CAUSERIE FAITE A MONTPELLIER

Le 13 mars 1941

par le Swâmi Siddheswarânanda

 

 

 

 

 

 

LA PURIFICATION DE L’AFFECTIVITE 

Dans nos dernières causeries, nous avons du point de vue théologique, expliqué le concept de brahman (c’est-à-dire du Divin) et, du point de vue philosophique, étudié celui de la réalité ou de l’absolu.

En examinant les différentes conceptions du divin, nous avons retenu particulièrement celle des incarnations divines.
Brahman indéterminé, impersonnel assume une forme humaine ; il incarne alors toutes les vertus et apparaît à des époques décisives pour guider l’humanité vers de nouveaux destins. Je tiens à vous expliquer aujourd’hui comment ce dernier aspect peut être utilisé au cours de notre sādhana.

 

La vie spirituelle consiste essentiellement dans l’expérience personnelle du Divin. Vivekânanda a dit à ce sujet que la véritable religion est, avant tout, réalisation. Hamilton a reconnu que : « L’étude a pour fruit l’ignorance : cet aveu marque la fin de la philosophie et le commencement de la religion ».

Il est en effet exact que le Divin ne peut être atteint par l’intellect seul. Où commence donc la véritable religion ?

 Aussi longtemps qu’il ne nous est pas possible de réaliser en nous même un aspect quelconque du Divin, tous nos efforts restent stériles ; essayer d’accéder à cette expérience supra-physique, c’est le problème de la vie spirituelle.

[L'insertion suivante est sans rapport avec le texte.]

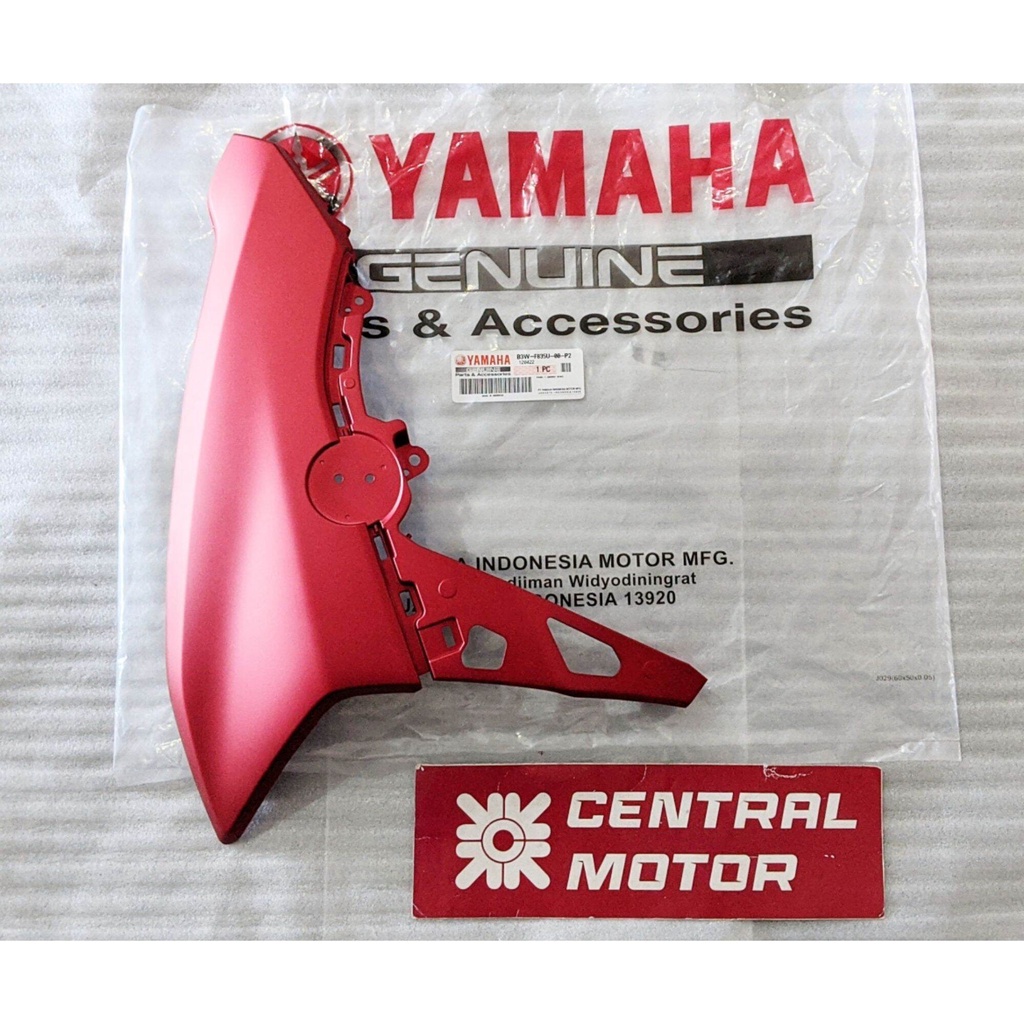 Cover Kafer Panel Samping Sayap Depan Mio Gear Merah Doff Matte Original Yamaha Genuine Parts B3W-F8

Lorsque nous tentons de résoudre ce problème et d’étudier notre individualité, nous nous trouvons en présence d’un mélange hétéroclite d’intelligence et de matière.

 

La conscience supérieure qui est en nous paraît intimement associée à des formes grossières ou subtiles ; pour que l’expérience spirituelle ait lieu, il faut que nous dégagions cette Conscience de son contenu matériel, en un mot que nous isolions l’Esprit de la matière ; pour communier avec l’Esprit, nous devons donc accepter une discipline appropriée.

 

Dans une causerie précédente, nous avons, d’après la philosophie hindoue, distingué cinq gaines (kośa) qui constituent notre individualité et qui retiennent prisonnière cette Conscience supérieure. Le Rāja Yoga admet qu’il existe en nous des niveaux correspondants de conscience ; nous ne pouvons élever cette Conscience d’un niveau à l’autre, tant qu’elle reste emprisonnée dans une gaine inférieure.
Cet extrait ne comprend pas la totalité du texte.